§ **Material provided**:
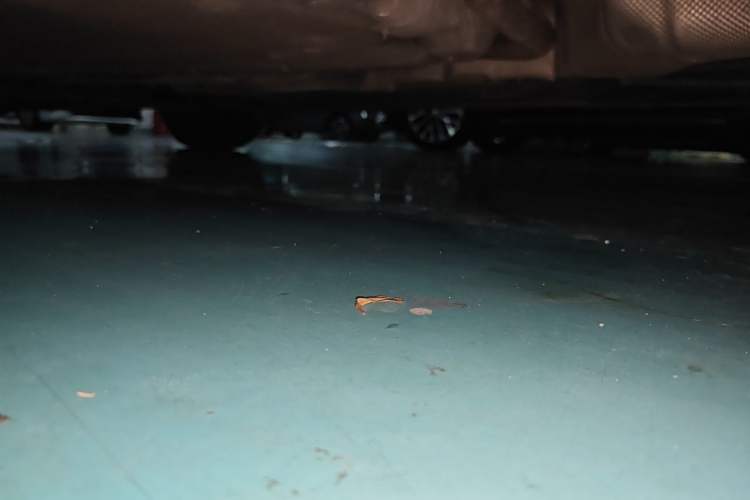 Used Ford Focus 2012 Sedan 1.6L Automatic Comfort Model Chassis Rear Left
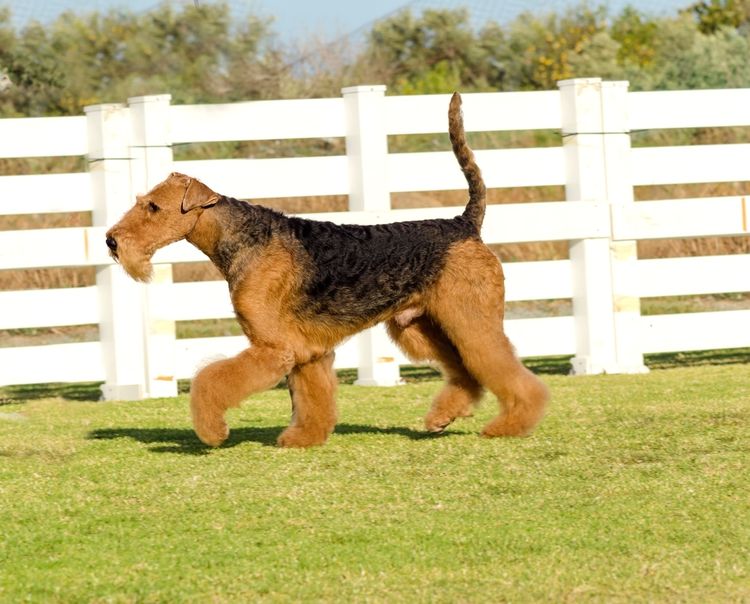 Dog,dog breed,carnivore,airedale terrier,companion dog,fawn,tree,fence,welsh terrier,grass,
* * *
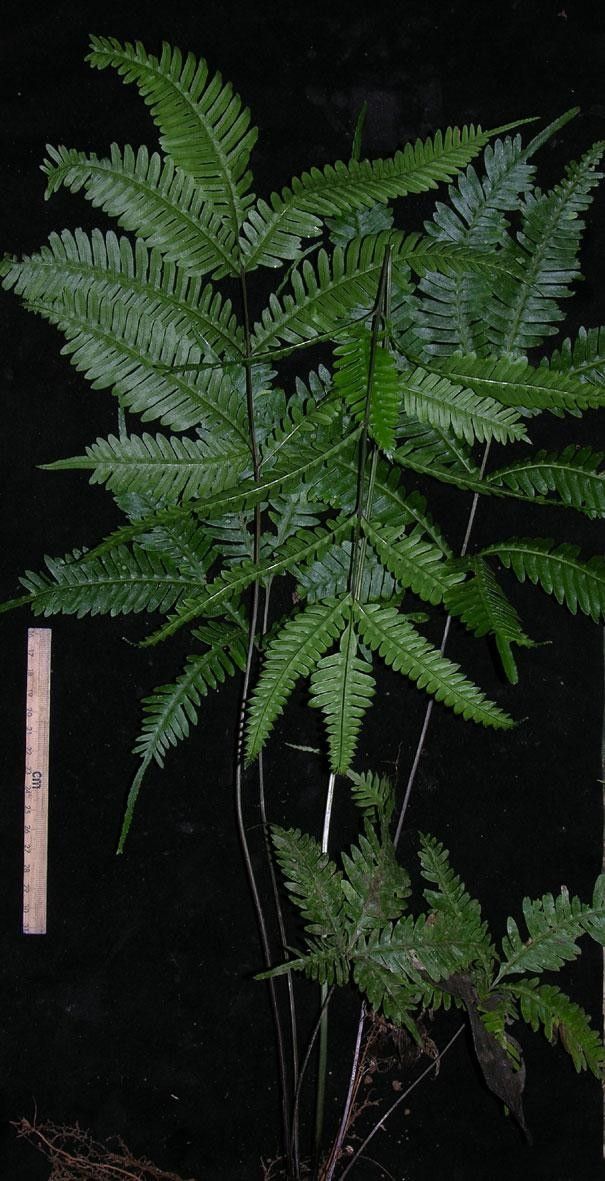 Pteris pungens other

§ **Exercise prompt**:
Only the lines above from the one with "Used Ford Focus" to the one with "Dog,dog breed,carnivore,airedale terrier,companion" should be printed, both included and exactly as written; no picture belongs in the copy.

§ **Solved problem**:
 Used Ford Focus 2012 Sedan 1.6L Automatic Comfort Model Chassis Rear Left
 Dog,dog breed,carnivore,airedale terrier,companion dog,fawn,tree,fence,welsh terrier,grass,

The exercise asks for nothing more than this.